> **WORK TO BE COMPLETED**: What is the number of lines below that include "Holder"? Give that number alone.

==== DATA LISTING ====

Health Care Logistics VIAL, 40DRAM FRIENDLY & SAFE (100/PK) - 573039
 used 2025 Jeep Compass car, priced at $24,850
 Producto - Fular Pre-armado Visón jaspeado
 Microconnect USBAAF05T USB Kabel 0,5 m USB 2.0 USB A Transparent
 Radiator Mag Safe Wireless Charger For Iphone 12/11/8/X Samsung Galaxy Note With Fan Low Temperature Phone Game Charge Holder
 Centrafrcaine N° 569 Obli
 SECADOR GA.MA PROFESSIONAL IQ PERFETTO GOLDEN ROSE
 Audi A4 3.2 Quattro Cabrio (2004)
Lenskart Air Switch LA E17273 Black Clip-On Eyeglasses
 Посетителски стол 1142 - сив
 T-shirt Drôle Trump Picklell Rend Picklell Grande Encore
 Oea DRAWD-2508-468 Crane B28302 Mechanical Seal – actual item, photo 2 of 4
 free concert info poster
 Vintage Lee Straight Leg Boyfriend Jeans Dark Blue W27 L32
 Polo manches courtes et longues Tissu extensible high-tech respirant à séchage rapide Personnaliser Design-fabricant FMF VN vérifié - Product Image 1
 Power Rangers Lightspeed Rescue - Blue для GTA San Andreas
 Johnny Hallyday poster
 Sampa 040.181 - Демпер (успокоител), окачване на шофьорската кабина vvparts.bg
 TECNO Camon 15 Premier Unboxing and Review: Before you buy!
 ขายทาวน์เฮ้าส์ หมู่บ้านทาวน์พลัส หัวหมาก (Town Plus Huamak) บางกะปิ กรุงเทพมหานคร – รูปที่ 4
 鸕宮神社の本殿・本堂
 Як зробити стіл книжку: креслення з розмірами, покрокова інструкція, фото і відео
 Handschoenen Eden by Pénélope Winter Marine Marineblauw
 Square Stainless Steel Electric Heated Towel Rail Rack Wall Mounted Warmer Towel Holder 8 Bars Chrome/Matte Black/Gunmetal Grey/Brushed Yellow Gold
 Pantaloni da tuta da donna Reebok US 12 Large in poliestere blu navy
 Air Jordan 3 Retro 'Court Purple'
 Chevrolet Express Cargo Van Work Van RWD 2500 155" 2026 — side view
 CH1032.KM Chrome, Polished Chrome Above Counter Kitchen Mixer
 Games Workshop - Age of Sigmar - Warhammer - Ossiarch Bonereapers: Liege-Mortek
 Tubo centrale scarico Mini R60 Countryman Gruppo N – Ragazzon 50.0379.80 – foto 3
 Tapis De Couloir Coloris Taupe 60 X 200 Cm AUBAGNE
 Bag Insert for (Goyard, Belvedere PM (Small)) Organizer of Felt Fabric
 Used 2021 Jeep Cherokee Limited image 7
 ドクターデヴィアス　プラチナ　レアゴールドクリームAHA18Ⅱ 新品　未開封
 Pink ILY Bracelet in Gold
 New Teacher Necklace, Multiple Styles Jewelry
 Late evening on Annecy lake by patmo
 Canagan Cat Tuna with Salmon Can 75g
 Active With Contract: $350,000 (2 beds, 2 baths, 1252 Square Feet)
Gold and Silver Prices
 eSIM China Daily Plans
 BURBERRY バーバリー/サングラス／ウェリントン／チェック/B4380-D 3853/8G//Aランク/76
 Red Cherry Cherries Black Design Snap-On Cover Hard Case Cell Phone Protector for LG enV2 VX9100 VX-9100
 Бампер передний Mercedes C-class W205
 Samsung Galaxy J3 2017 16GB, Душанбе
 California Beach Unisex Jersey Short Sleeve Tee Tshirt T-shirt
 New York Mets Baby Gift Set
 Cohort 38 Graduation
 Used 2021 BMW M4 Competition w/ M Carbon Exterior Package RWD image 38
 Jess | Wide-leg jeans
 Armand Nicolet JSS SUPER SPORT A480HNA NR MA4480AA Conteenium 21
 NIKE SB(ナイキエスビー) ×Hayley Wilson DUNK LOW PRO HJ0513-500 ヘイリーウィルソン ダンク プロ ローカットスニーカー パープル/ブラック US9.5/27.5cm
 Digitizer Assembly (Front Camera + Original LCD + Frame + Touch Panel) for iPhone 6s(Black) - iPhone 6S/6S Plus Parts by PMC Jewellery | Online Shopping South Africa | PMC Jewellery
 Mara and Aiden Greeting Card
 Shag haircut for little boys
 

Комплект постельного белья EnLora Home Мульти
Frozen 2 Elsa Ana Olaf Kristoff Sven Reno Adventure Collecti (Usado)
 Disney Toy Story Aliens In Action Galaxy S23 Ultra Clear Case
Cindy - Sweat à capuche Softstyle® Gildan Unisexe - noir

====

> **OUTPUT FOR THIS EXERCISE**: 2